### [PROBLEM DETAILS]
What you should give back is a precise copy of the lines below from the one containing "Banc de rangement" through the one containing "1pc Mermaid Under", with no pictures.

### [ENTRIES SUPPLIED]
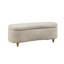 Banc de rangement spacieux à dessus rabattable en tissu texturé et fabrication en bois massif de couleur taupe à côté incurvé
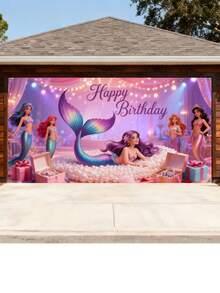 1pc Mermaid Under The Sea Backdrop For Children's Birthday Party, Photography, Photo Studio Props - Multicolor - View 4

...

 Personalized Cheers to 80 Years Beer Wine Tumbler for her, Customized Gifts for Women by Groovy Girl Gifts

### [EXERCISE SOLUTION]
 Banc de rangement spacieux à dessus rabattable en tissu texturé et fabrication en bois massif de couleur taupe à côté incurvé
 1pc Mermaid Under The Sea Backdrop For Children's Birthday Party, Photography, Photo Studio Props - Multicolor - View 4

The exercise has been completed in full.